Drupal defense in depth — a comprehensive guide for securing Drupal, even after End-of-Life
Drupal is an open source content management system (CMS). Like most open source CMSs, and open source software in general, the responsibility lies with the site owner to patch and/or upgrade the software.
When Drupal versions become End-of-Life, the software is no longer supported. There are many risks and challenges this represents, with the biggest risk being security.
For example, Drupal 7 and 9 will be End-of-Life on 1 November 2023. This means no more security updates will be developed. If the site remains on these versions after this date, the chances of being hacked by a cybersecurity attack considerably increases, potentially risking costly reputational damage to the brand.
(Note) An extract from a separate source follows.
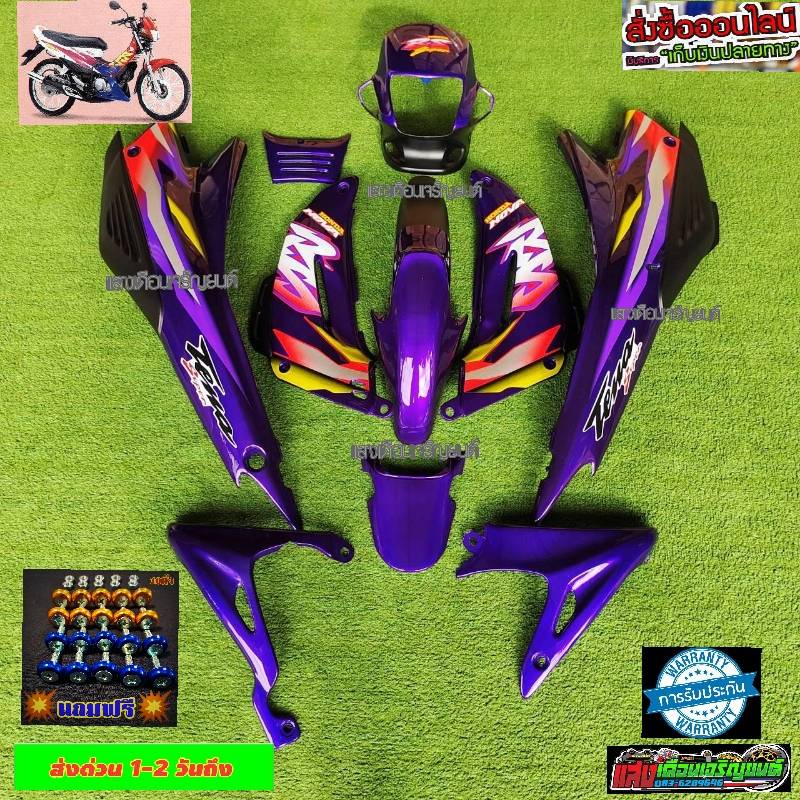 ชุดสีเทน่าตัวใหม่ สีม่วงแก้วD4 มี10ชิ้น แถมฟรีน๊อตพอช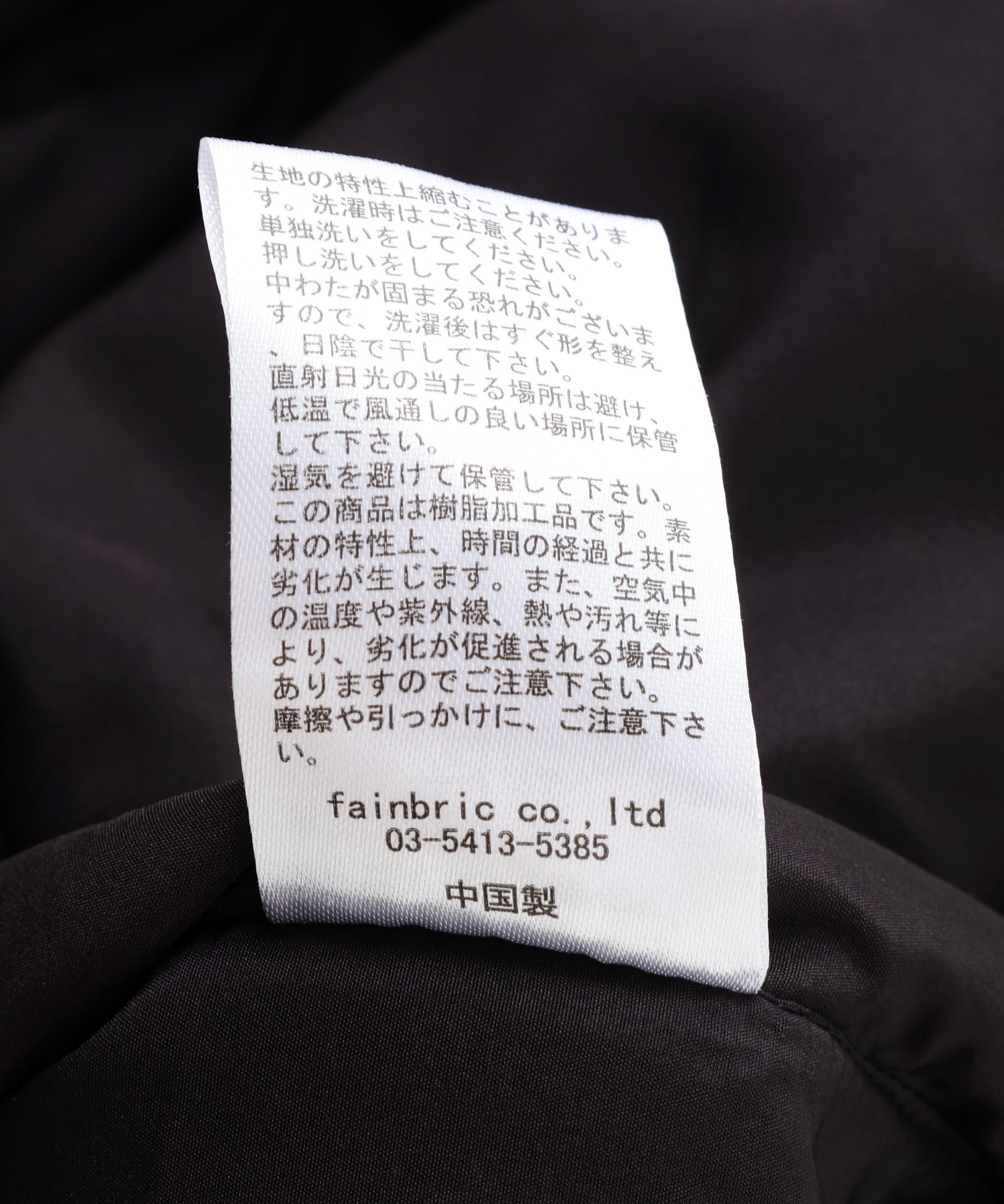 DankeSchon/ダンケシェーン/COATING ZIP MA-1 ブラック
The solution is to upgrade Drupal 7 and 9 to the latest version of Drupal before they become End-of-Life. However, it’s not an easy pathway. Drupal 7, in particular, is not compatible with the newer versions of Drupal. New architecture paradigms were introduced, making the ‘upgrade’ very, very difficult. Essentially ‘upgrading’ from Drupal 7 involves a complete rebuild, from scratch.
This is cost and time prohibitive.
To amplify this problem, many larger organisations have 10s if not 100s of sites on Drupal 7. Upgrading to the supported version of Drupal would be a significant undertaking.
Thus, this leaves organisations with the tough decision to leave the sites on Drupal 7 ‘as-is’ and/or use their best efforts to add some form of security controls.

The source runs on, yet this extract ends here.